Lebanon does not want an escalation and is seeking to maintain calm with “all international and friendly parties concerned,” Hariri said in a statement from his office, without directly referring to the tunnels .
The United Nations Interim Force in Lebanon (UNIFIL) said Wednesday it will send a team to Israel to “ascertain facts” and called for full access to all locations along the border. According to Israel’s Hadashot news, some UNIFIL personnel were shown the Israeli side of the tunnel.
Speaking to UN Secretary-General Antonio Guterres by phone, Netanyahu Wednesday urged international condemnation of Hezbollah and more sanctions against the Iran-backed terror group, calling it a “flagrant violation of Israeli sovereignty” and “an additional part of Iran’s aggression in the region.”
Netanyahu “said that he expects the UN to strongly condemn the violation of Israel’s sovereignty,” a statement from the Prime Minister’s Office read. “The prime minister also told the UN secretary-general that the international community must join in the demand to impose increased sanctions on Hezbollah in the wake of the events.”
There was no comment from Guterres’s office.
Israel has long been critical of what it describes as UNIFIL’s failure to rein in the powerful Iran-backed Hezbollah terrorist group, which the IDF says maintains a large arsenal in the area despite Resolution 1701.
The US has already imposed some sanctions on Hezbollah and its affiliates. Other Western nations have made moves to impose sanctions and restrictions against the organization, which is part of the Lebanese government, though most measures differentiate between the group’s political and armed wings.
According to the IDF, the tunnel found Tuesday originated in the Lebanese village of Kafr Kila, near the Israeli border, and was approximately 200 meters (650 feet) long. It was dug some 25 meters (80 feet) below ground and was approximately two meters (six feet) tall by two meters (six feet) wide, which would easily make it large enough for heavily armed infantry to pass through it.

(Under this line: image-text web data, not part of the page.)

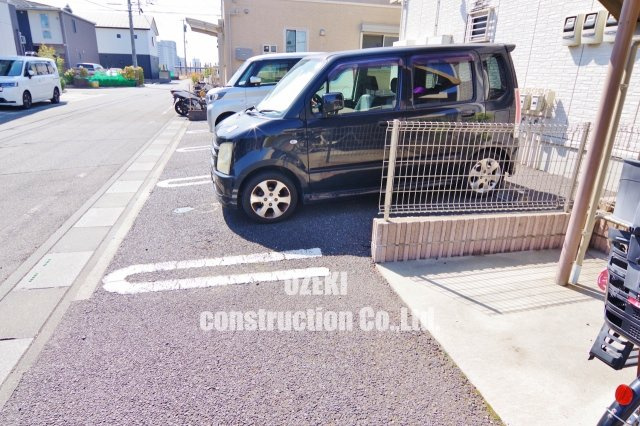 ブリランテレイクの駐車場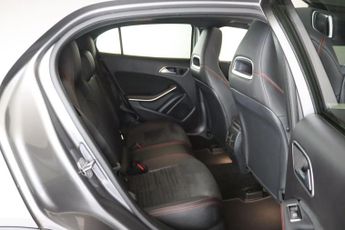 Mercedes-Benz GLA 1.6 GLA200 AMG Line Edition (Plus) Euro 6 (s/s) 5dr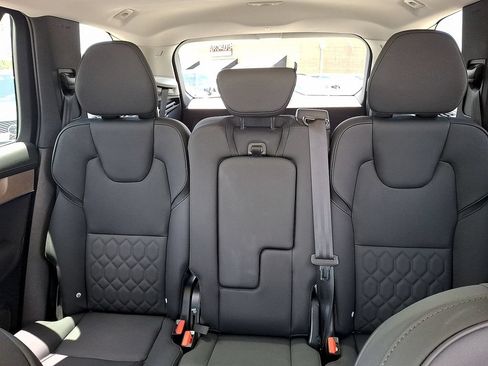 Used 2025 Volvo XC90 B6 Plus AWD/4WD image 5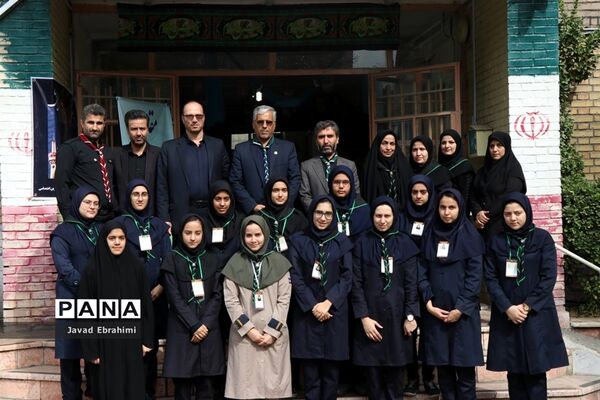 بازدید مدیر سازمان دانش‌آموزی خراسان رضوی از خدمت‌رسانی پیشتازان به زائران امام رضا (ع)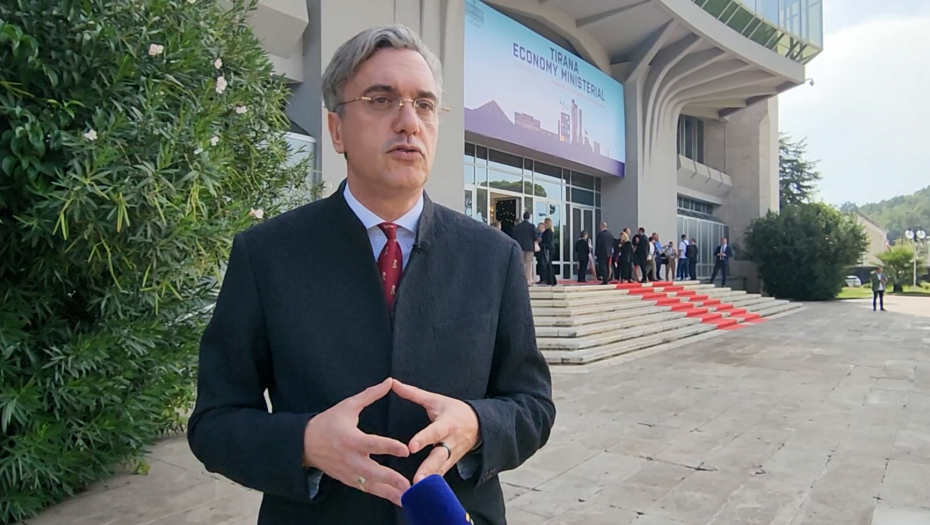 Čadež iz Tirane: Zbog političkih ograničenja kompanije sve teže posluju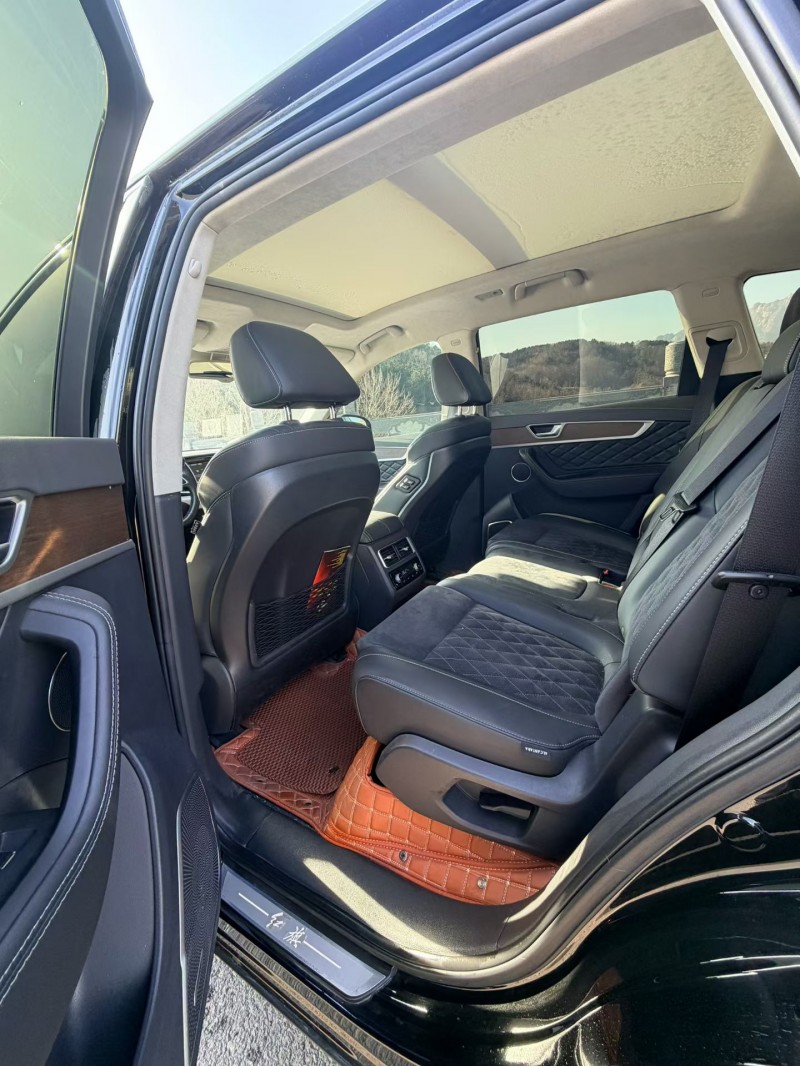 青島21年紅旗HS75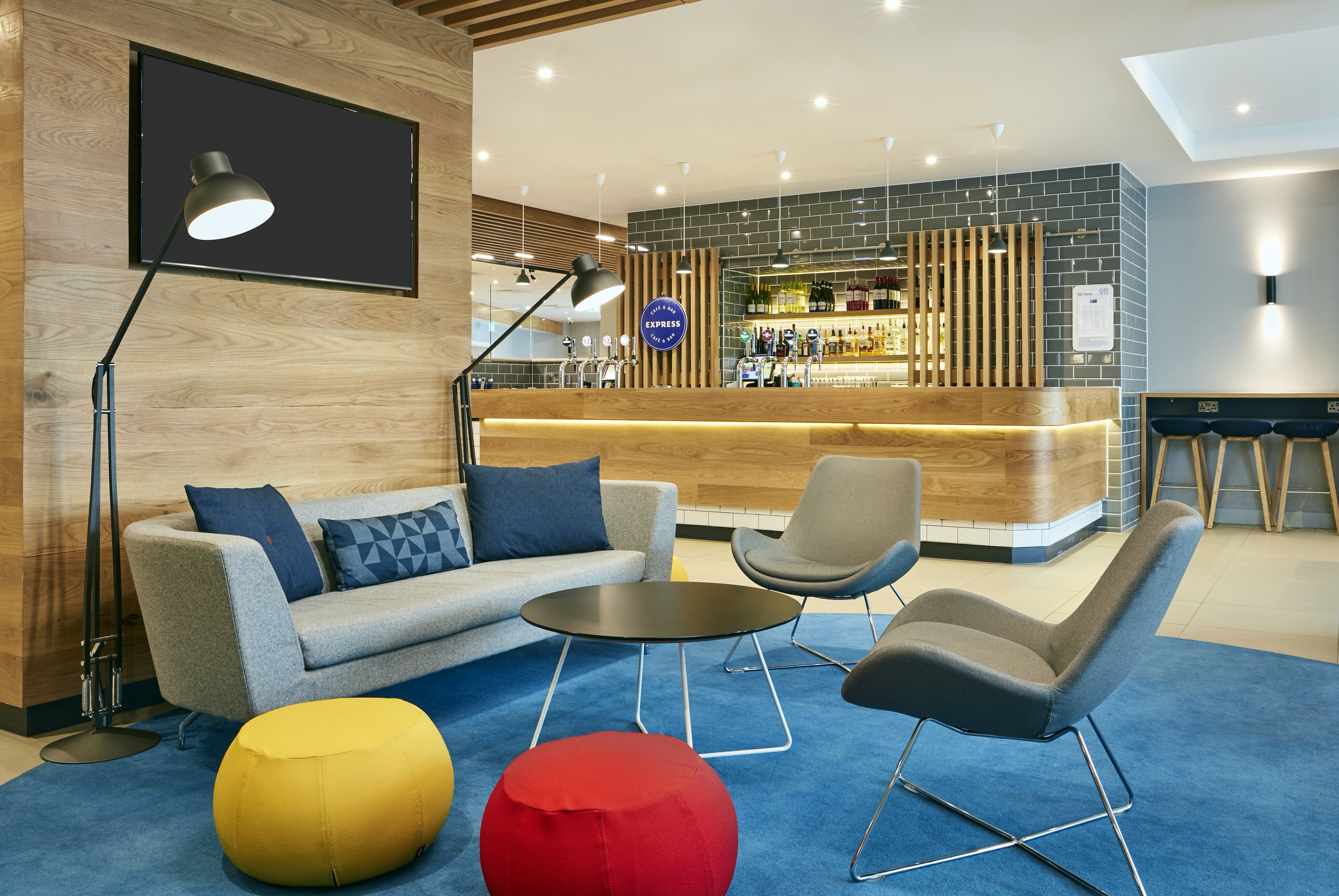 HOLIDAY INN EXPRESS DUBLIN CITY CENTRE 45/71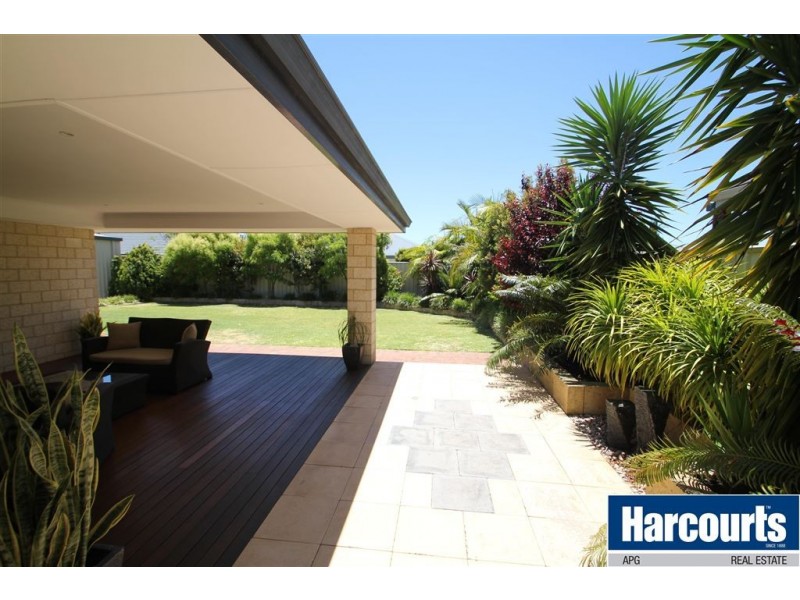 14 Tanzanite Road, Australind WA 6233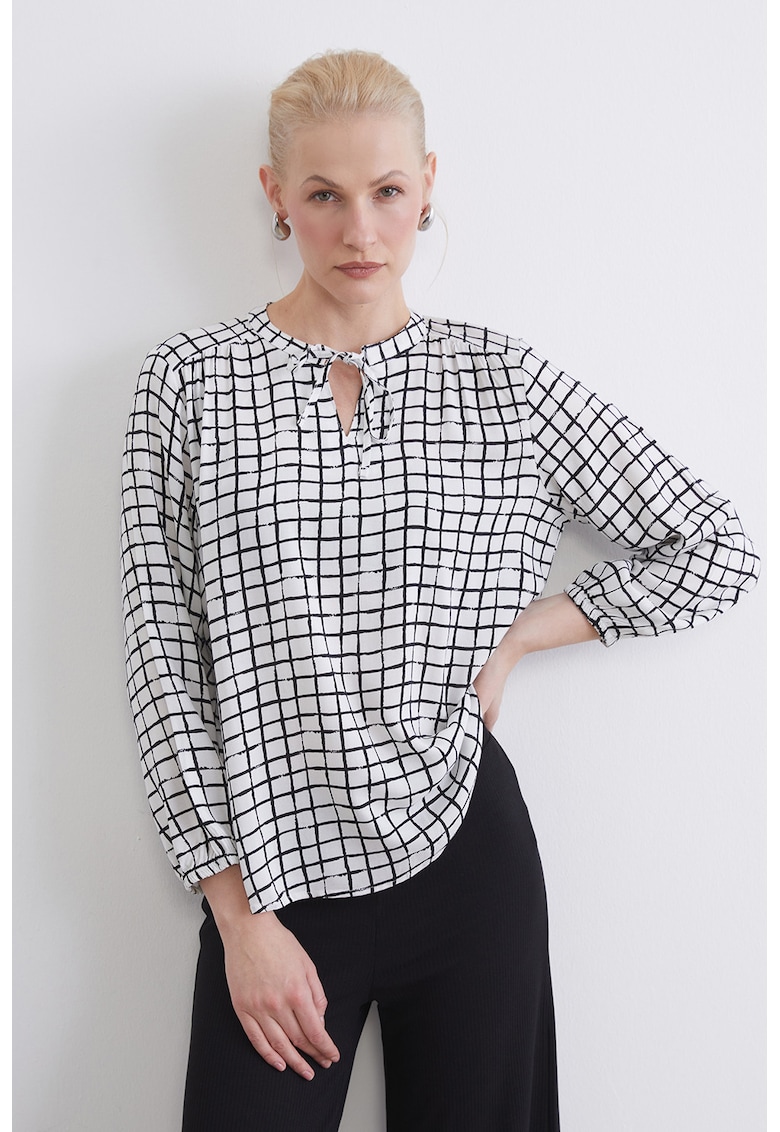 Bluza cu model si snur la baza gatului - Alb/Negru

The IDF said the tunnel, which extended some 40 meters into Israel, was the “first of what are sure to be many” attack tunnels dug by Hezbollah across the border discovered as part of the newly launched operation.
In addition to images from inside the tunnel the IDF also provided footage, taken by an army robot which surprised two Hezbollah operatives who were inside the passage at the time.
Lebanese TV Wednesday aired footage of a chicken coop that it said was the building where the tunnel allegedly originated.
IDF Chief of Staff Gadi Eisenkott said Tuesday that the army “is in possession of” Hezbollah’s tunnel plan.
Hadashot TV said Wednesday that the IDF tackled the tunnel heading to Metulla first, because it was being dug toward a residential area, while other tunnels are heading to army positions.
The military operation is expected to last several weeks and is being led by the head of the IDF Northern Command Maj. Gen. Yoel Strick, army officials have said. The army said the Hezbollah tunnels are not yet operational and do not present an immediate threat to Israelis.